__Stored records__
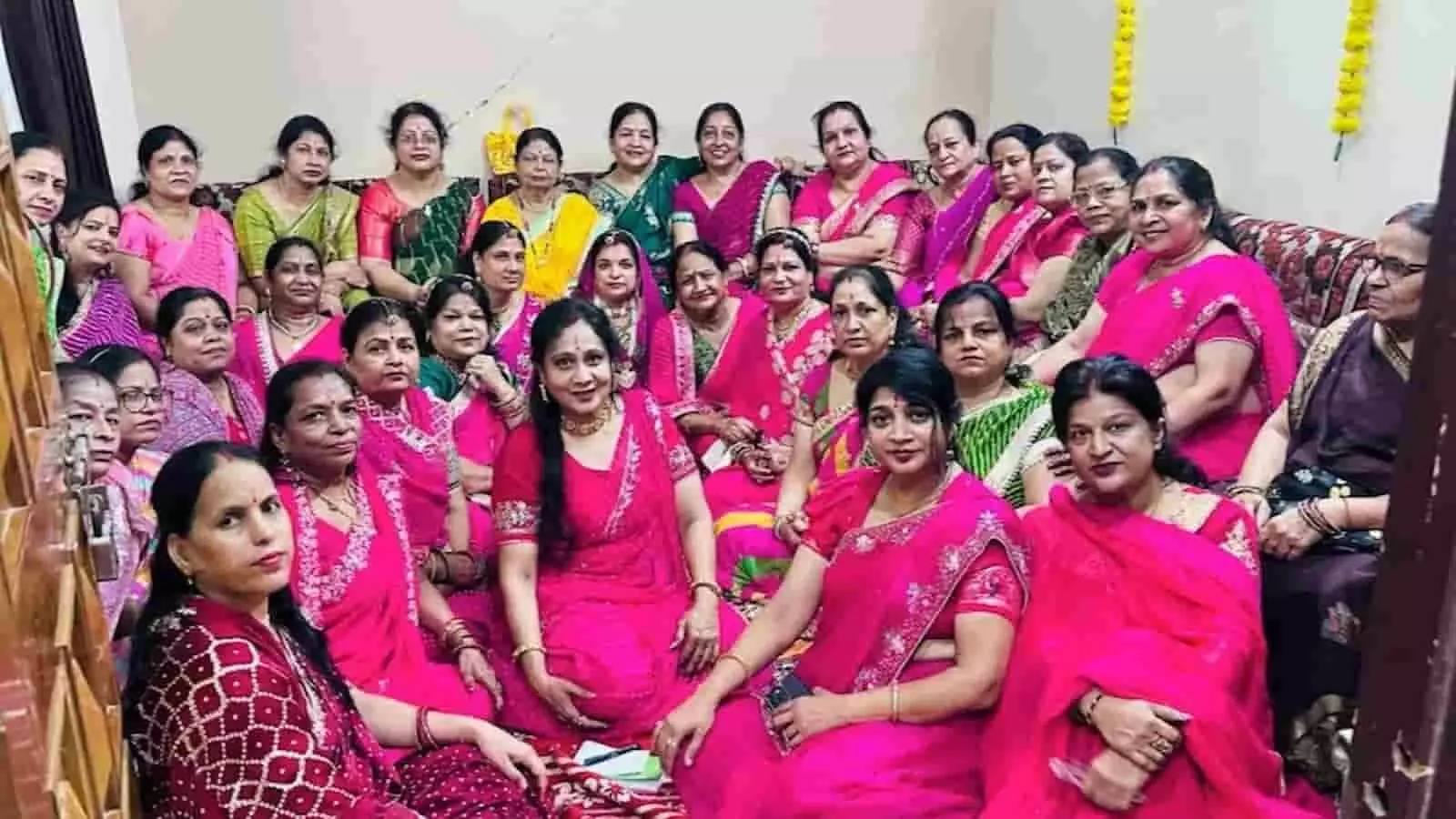 लहरिया और पारंपरिक परिधानों में सजी महिलाओं का समूह बारां में तीज महोत्सव के दौरान बैठा दिखाई दे रहा है। लहरिया और पारंपरिक परिधानों में सजी महिलाओं का समूह बारां में तीज महोत्सव के दौरान बैठा दिखाई दे रहा है।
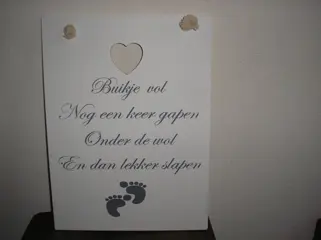 Spreuk voor babykamer op houten bord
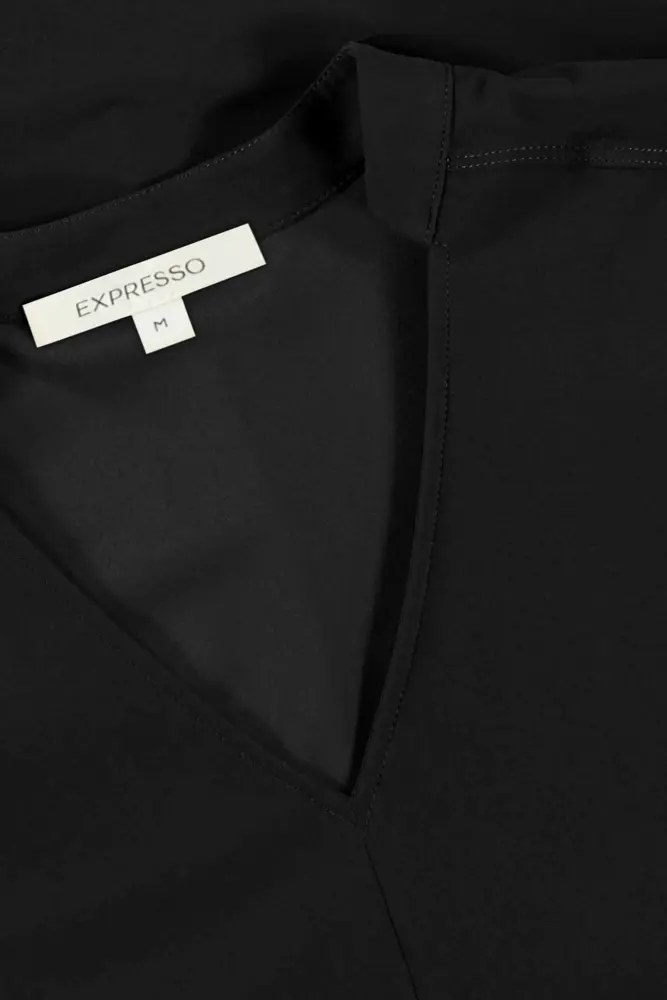 V-hals travel top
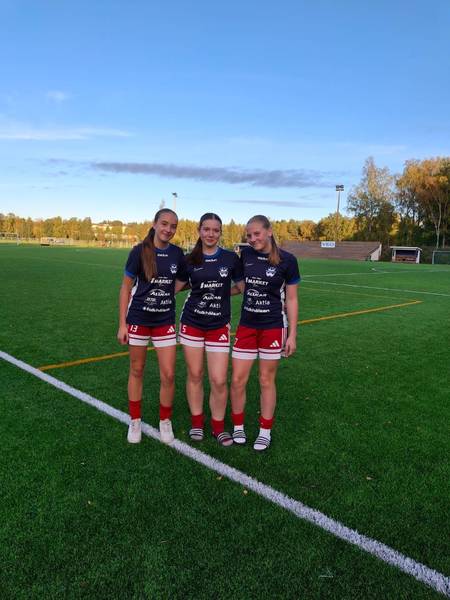 ​I Norrvalla FF och i FM-slutspel med FC Sport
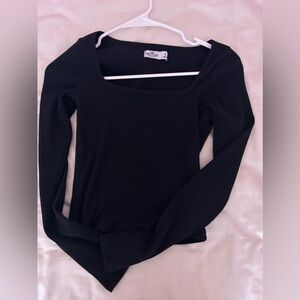 black ribbed hollister long sleeve top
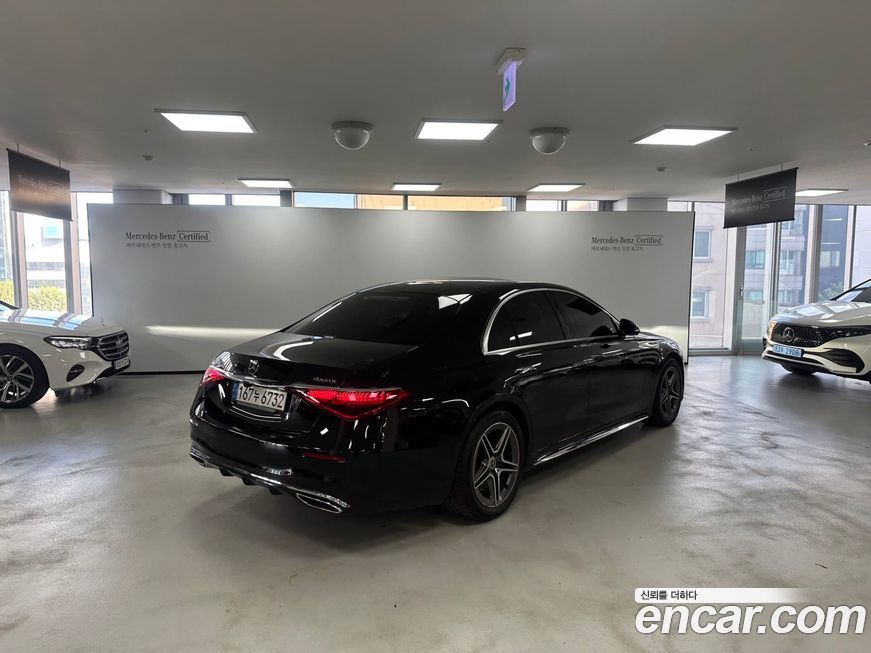 Mercedes-Benz S-Class 2021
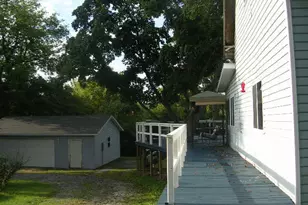 125 Central Hill Rd, Grantsburg, IL 62943 - Photo 9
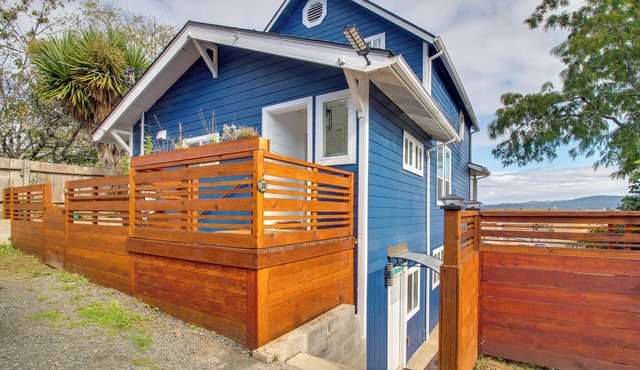 1 Mi to Dtwn Coos Bay: Sleek Apt w/Deck & Views!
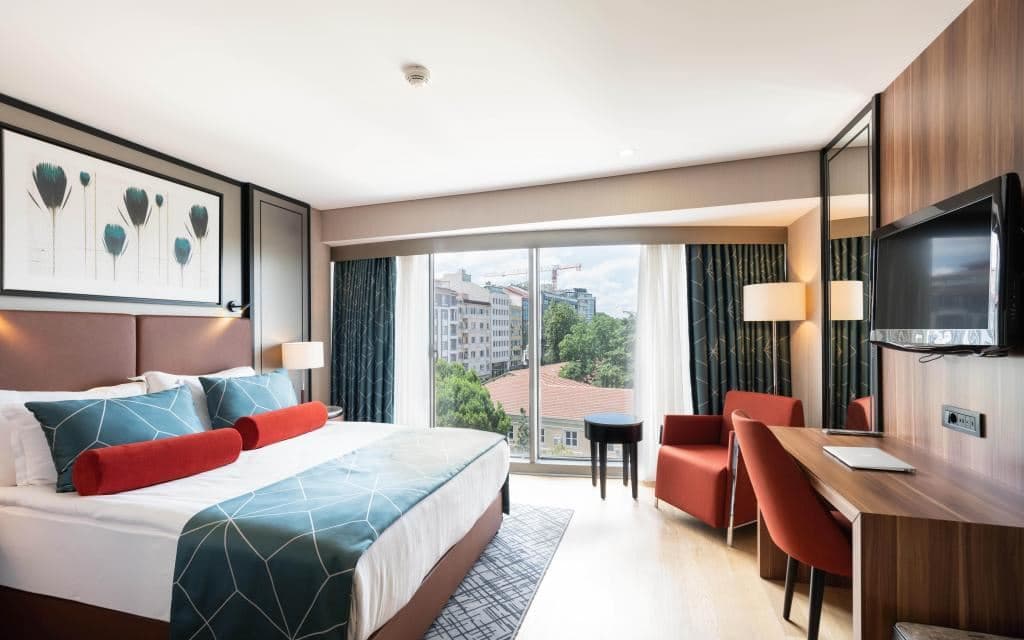 rooms-deluxe-city-view-room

__DESCRIPTION OF THE TASK__
Output, exactly and with no pictures, every line from the one that contains "Spreuk voor babykamer op houten bord" through the final line of the entries.

__WORKED SOLUTION__
 Spreuk voor babykamer op houten bord
 V-hals travel top
 ​I Norrvalla FF och i FM-slutspel med FC Sport
 black ribbed hollister long sleeve top
 Mercedes-Benz S-Class 2021
 125 Central Hill Rd, Grantsburg, IL 62943 - Photo 9
 1 Mi to Dtwn Coos Bay: Sleek Apt w/Deck & Views!
 rooms-deluxe-city-view-room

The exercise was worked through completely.